_WHAT IS NEEDED_
Your response to the data below should hold nothing except the lines from the one containing "Feldsalat mit roter" down to the one containing "54 Sunrise Crescent", reproduced exactly and without pictures.

_THE DATA_
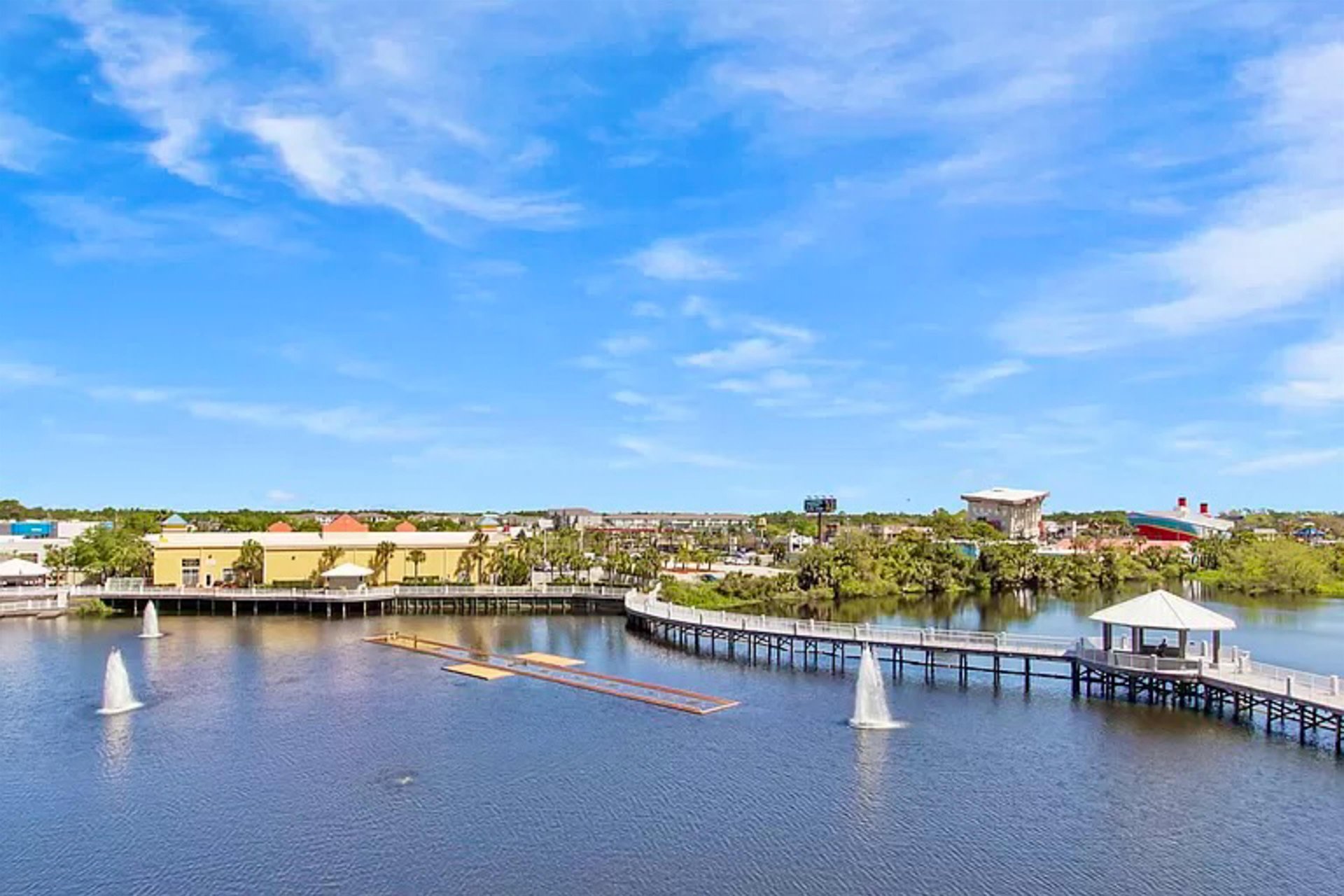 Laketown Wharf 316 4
==
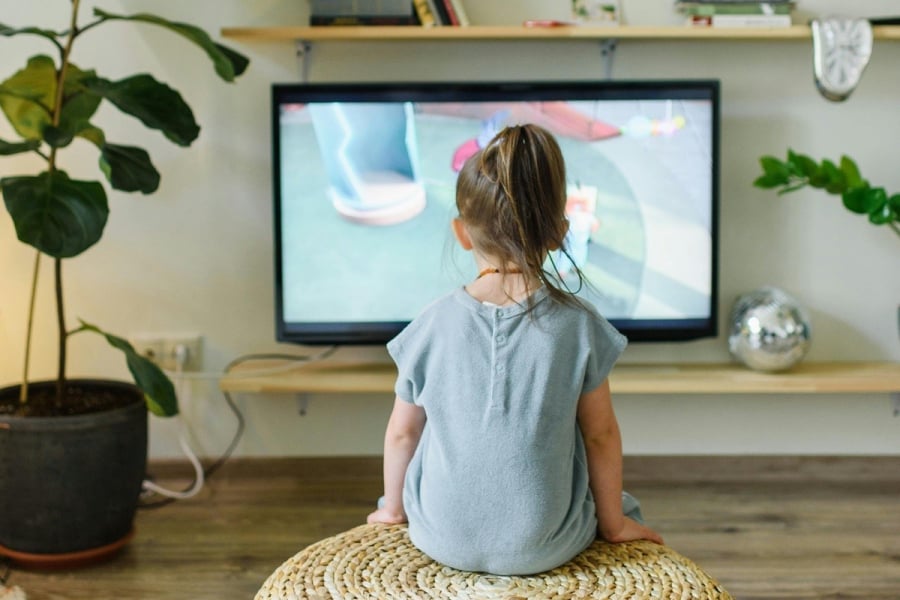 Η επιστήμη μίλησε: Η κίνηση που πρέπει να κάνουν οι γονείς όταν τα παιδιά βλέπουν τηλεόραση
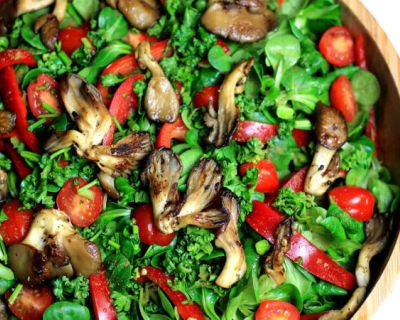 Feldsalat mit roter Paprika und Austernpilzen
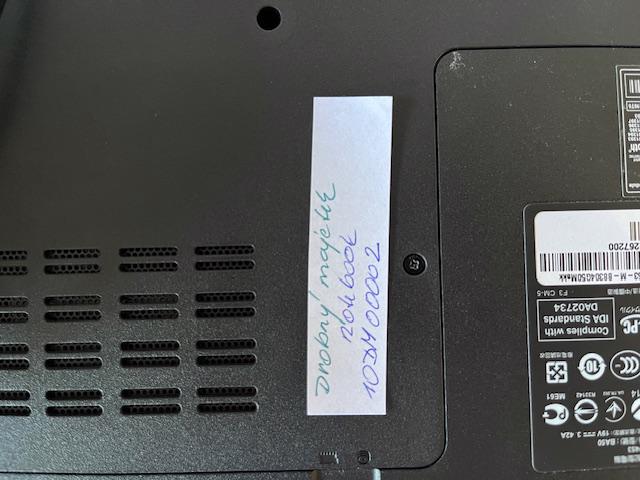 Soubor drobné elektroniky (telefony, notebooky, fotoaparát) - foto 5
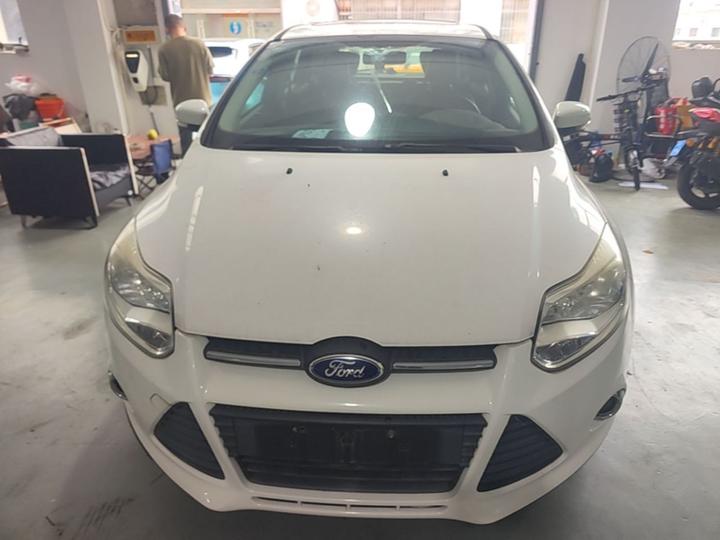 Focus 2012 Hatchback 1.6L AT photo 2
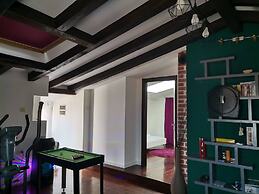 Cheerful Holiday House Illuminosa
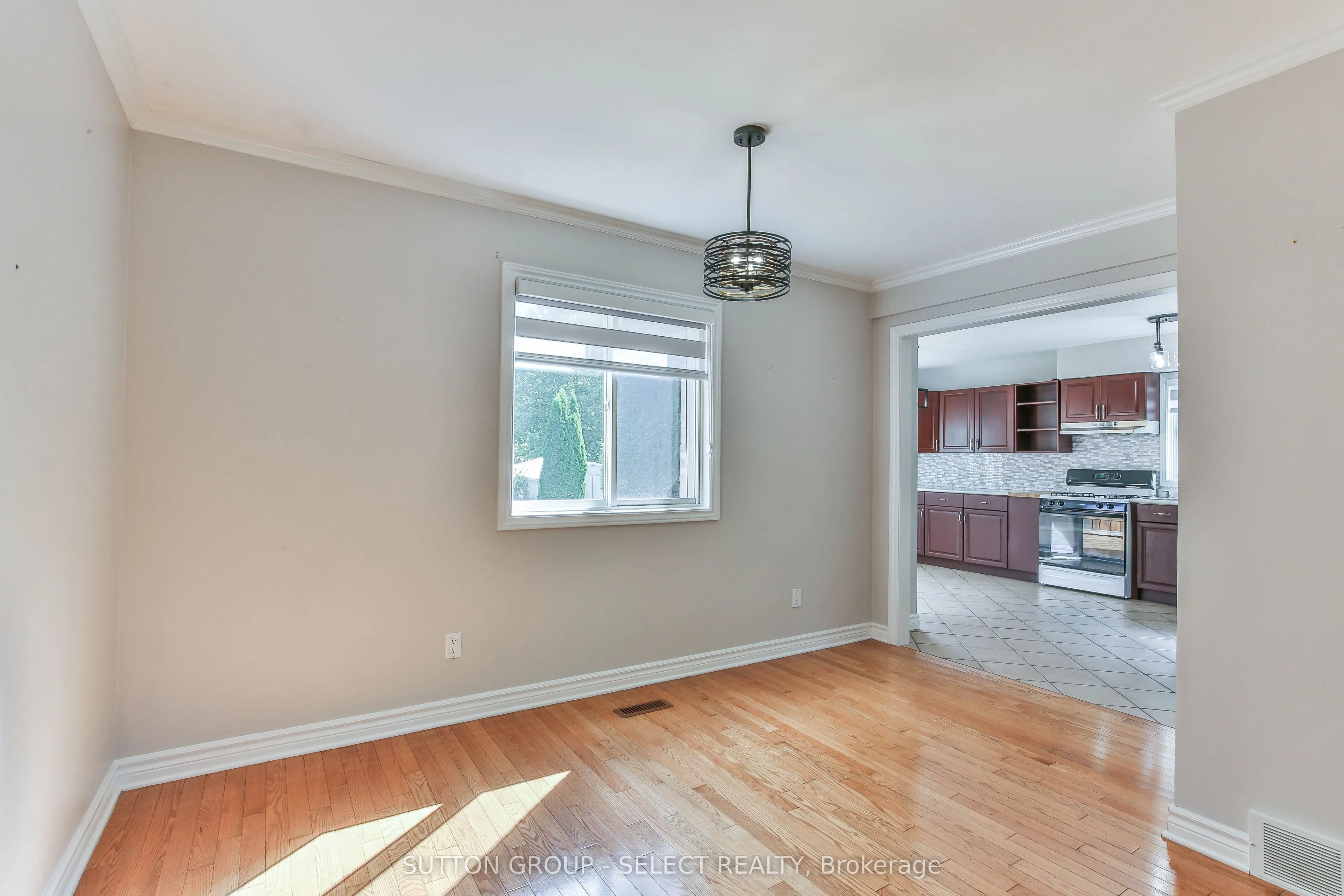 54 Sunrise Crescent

_OUTPUT BELOW_
 Feldsalat mit roter Paprika und Austernpilzen
 Soubor drobné elektroniky (telefony, notebooky, fotoaparát) - foto 5
 Focus 2012 Hatchback 1.6L AT photo 2
 Cheerful Holiday House Illuminosa
 54 Sunrise Crescent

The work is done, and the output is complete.